Who could forget the heart wrenching images of nine school children being escorted into Little Rock’s Central High School in 1957 by federal troops? Their fearless, valiant and courageous march past throngs of sneering racists screaming the most vile insults and threats imaginable exemplified nothing but strength and resolve.
The triumph of the Brown v Board of Education decision began to be enforced across the south, and elsewhere, as the nation’s public schools were ordered to provide equal educational opportunities for all. However, nearly 65 years later we are faced with the prospect of a violent lurch back to the bad old days of Jim Crow. Our schools are re-segregating all over the country as white parents are finding ever more clever ways to avoid sending their children to integrated schools.

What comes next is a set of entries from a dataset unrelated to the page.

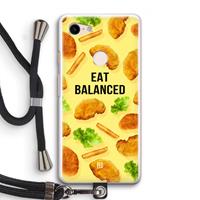 CaseCompany Eat Balanced: Pixel 3 Transparant Hoesje met koord
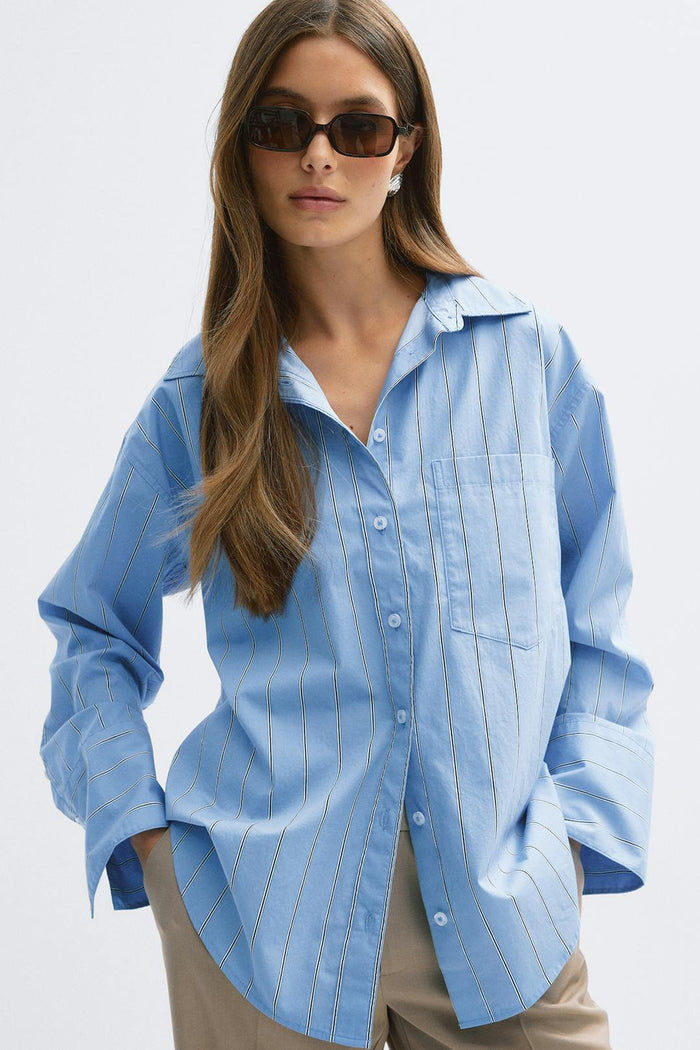 Poplin skyrta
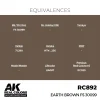 AK Interactive - Real Colors: Earth Brown FS 30099 17 ml. - RC892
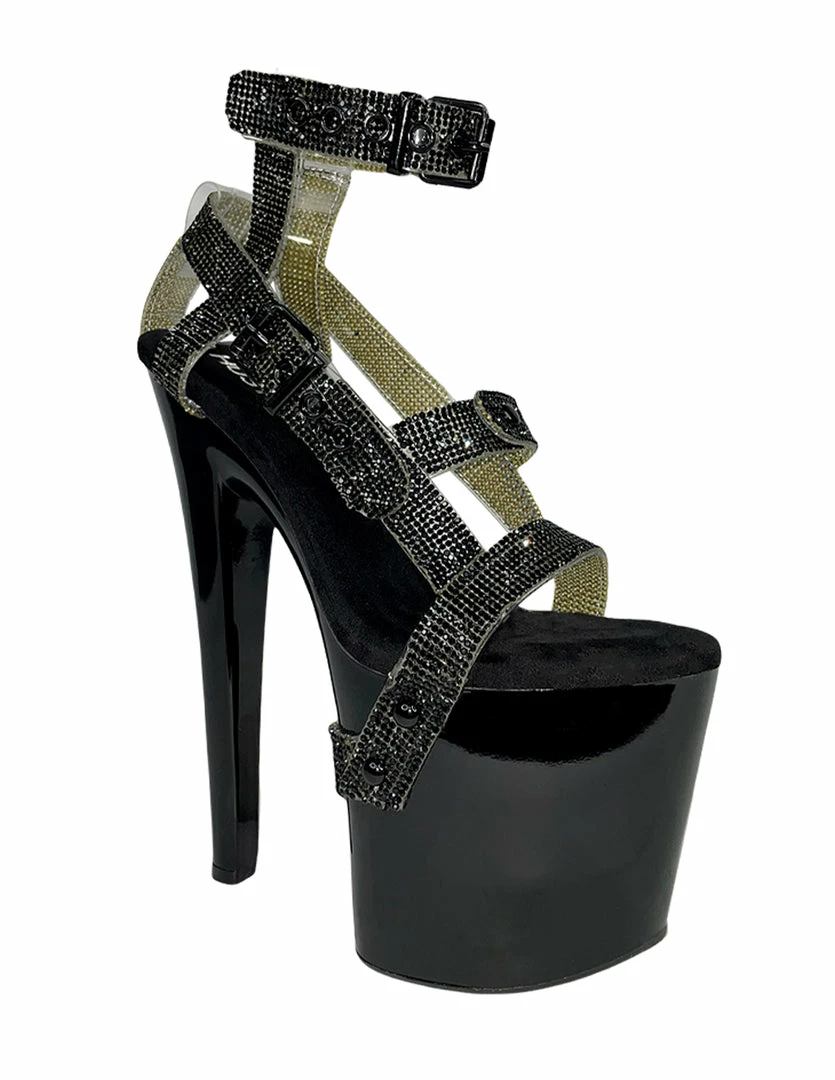 Heels HUSTLER® X Qrystal Platform 1 Heels HUSTLER® X Qrystal Platform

This, in the wake of the new Secretary of Education, Betsy DeVos’ plans for vouchers, privatization, school choice and charter schools, where officials can pick and choose who they accept, the signal is clear from our federal government to our courts that integration of the nation’s public schools is no longer a primary concern. In fact, an investigation by Nation magazine found that white parents have begun secession movements from court ordered desegregation; the consequences for minority students will prove to be calamitous.
The contemporary political landscape has taken a turn towards division and apportion as we witness the resurgence of an Apartheid system in America’s public schools. The hard fought advances ushered in by the Civil Rights movement, in light of increasingly ultra-conservative social policy, has exposed exactly how temporary that progress has become.
The price of this stealthy, creeping racial segregation represents an impending national crisis. The problem is further exacerbated by courts that refuse to enforce the law by allowing complaints to languish for years, if not decades. The promise of Brown is being slowly unraveled before our eyes.
Since 2001, some 75 percent of Black and Latino students have been attending schools were resources are entirely inadequate for providing an appropriate education, according to a Government Accountability Office study; and the number continues to increase.
This so-called secession strategy by wealthy white parents has become a common practice around the country as they seek to break free of public school systems in favor of smaller, more restricted systems. These practices promise to further deepen the disparities of wealth generation between whites and people of color. The evidence is already beginning to show. For instance, in 2003 white family wealth was seven times that of Black families and nine times that of Hispanic families. By 2017, that number had climbed to 13 times that of Blacks and 10 times that of Hispanics. Much of this gap is directly attributable to policies that are partial to resegregation.
The injurious effect of unconstitutional, state-sanctioned racial discrimination has been known for many decades. For example, the Kerner Commission asserted in 1968 that, “Our nation is moving towards two societies, one Black, one white; separate and unequal.” The commission concluded that, “equality cannot be achieved under the conditions of nearly total separation.” One must then wonder what outcomes white parents are aiming to accomplish with their move to break free.
Now, more than five decades later this unequal separation continues. Those results touted by the Kerner Commission have been propagated anew. The hard fought progress since the 1960s may well be consigned to the dustbin of history and a step in the wrong direction.
Let’s be clear—it is illegal to form a school system that purposefully excludes individuals based on race. Yet, many communities across the country have been permitted to do just that. While there are still some 175 school systems nationwide that are still under federal oversight to ensure that there is not a resurgence of Jim Crow. The horrifying fact is that federal officials and judges are rarely even checking to determine whether school systems are in compliance with federal law on the matter of resegregation. What is even more amazing is that when the government does step in, they typically side with the school system that is attempting to splinter off, thereby making segregation even more pronounced.
We know that segregated educational environments lead to an unequal allocation of vital resources. With the Trump presidency, the coming years might prove to be the last in federal effort to keep schools integrated. It could be the death nail as Mr. Trump’s Justice Department could actually end the efforts under Brown and usher in an a new era of Jim Crow in the nation’s schools.
The full retreat by the federal government to enforce Brown sends a clear, unambiguous message that if parents want to create a school system where race becomes a factor in attending, the federal government will do little to stop them. The signs are already beginning to manifest as nominees for the federal bench are refusing to state publicly that they believe that Brown was the right decision.
The percentage of Black students attending majority white schools has been on the decline for the past 30 years. So while the vast majority of white parents continue to parrot the need for diversity in words, their actions indicate anything but a desire to create a level playing field for students of color.
With a single action, President Trump could end all pending federal cases concerning school integration and heave us backwards 60 years while reintroducing Jim Crow in America. Our communities must pay close attention and vigorously protest any move in this direction.